* [EXERCISE DESCRIPTION]: All entries should be copied exactly; the pictures stay out.
++++ DATA ++++
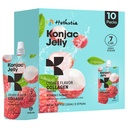 Hethstia Konjac Jelly, Lychee Konjac Jelly 10 Pouches med Collagen Peptider, Low Calorie Drinkable Litchi Jello, C-vitamin Light Snacks, Sugar Free, Keto, Gluten- Free, Sund mad gaver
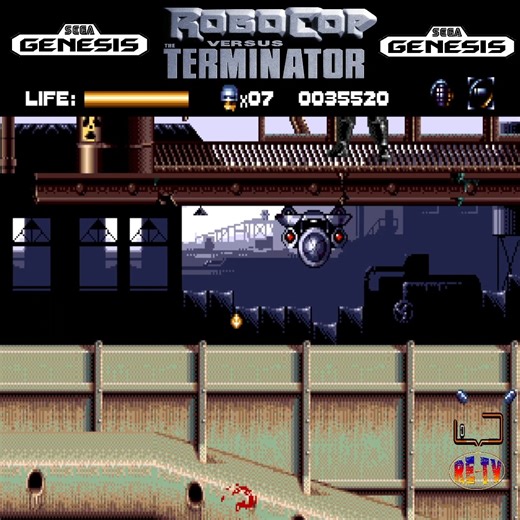Robocop Versus The Terminator RoboCop Versus The Terminator is a run and gun game released for the Super Nintendo Entertainment System, Master System, and Game Gear in 1993, with later ports to the Sega Genesis and Game Boy in 1994. #videogames #sega #arcade #classic #retrogaming | Retro-Entertainment TV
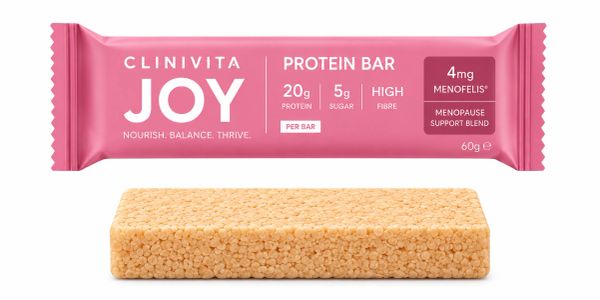 Clinivita Joy protein bar with packaging and unwrapped bar.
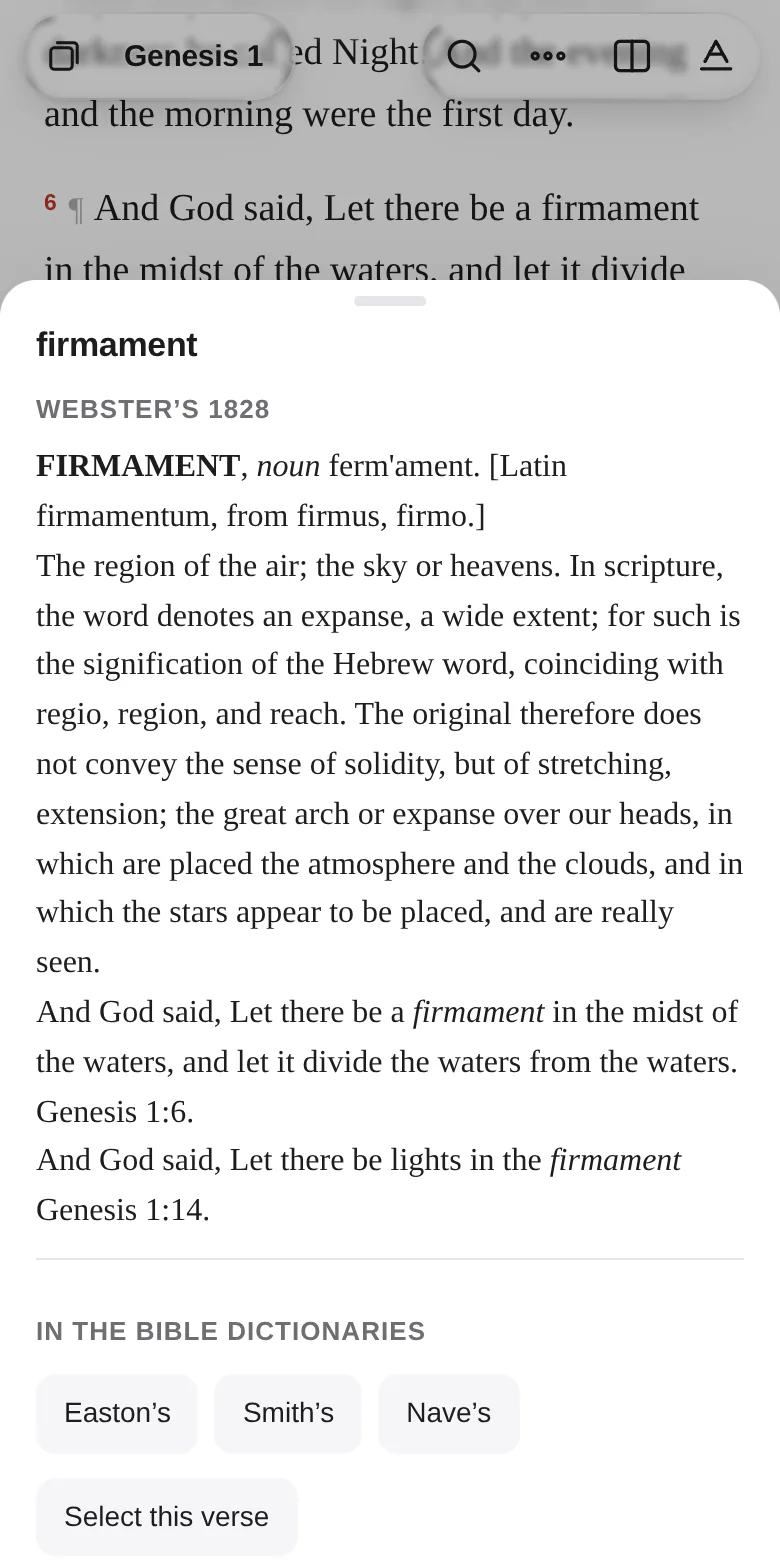 Genesis 1 with the word “firmament” tapped: Webster’s 1828 definition, the verses where the word appears, and buttons for Easton’s, Smith’s and Nave’s.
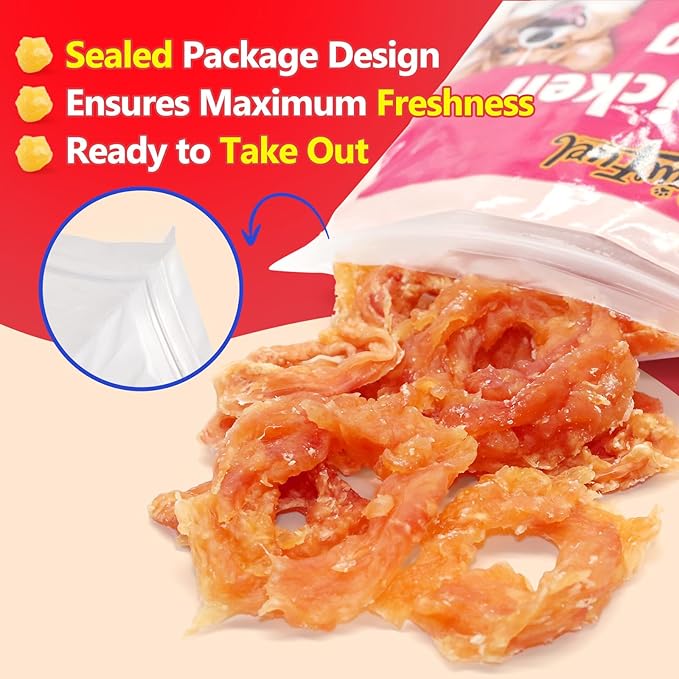 Dog Treats Chicken Jerky Rings High Protein Taurine-Rich Perfect for Chewing Training Rewarding Small, Medium, and Large Dogs,14.11 Oz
++++
* [FINISHED TASK]:
 Hethstia Konjac Jelly, Lychee Konjac Jelly 10 Pouches med Collagen Peptider, Low Calorie Drinkable Litchi Jello, C-vitamin Light Snacks, Sugar Free, Keto, Gluten- Free, Sund mad gaver
Robocop Versus The Terminator RoboCop Versus The Terminator is a run and gun game released for the Super Nintendo Entertainment System, Master System, and Game Gear in 1993, with later ports to the Sega Genesis and Game Boy in 1994. #videogames #sega #arcade #classic #retrogaming | Retro-Entertainment TV
 Clinivita Joy protein bar with packaging and unwrapped bar.
 Genesis 1 with the word “firmament” tapped: Webster’s 1828 definition, the verses where the word appears, and buttons for Easton’s, Smith’s and Nave’s.
 Dog Treats Chicken Jerky Rings High Protein Taurine-Rich Perfect for Chewing Training Rewarding Small, Medium, and Large Dogs,14.11 Oz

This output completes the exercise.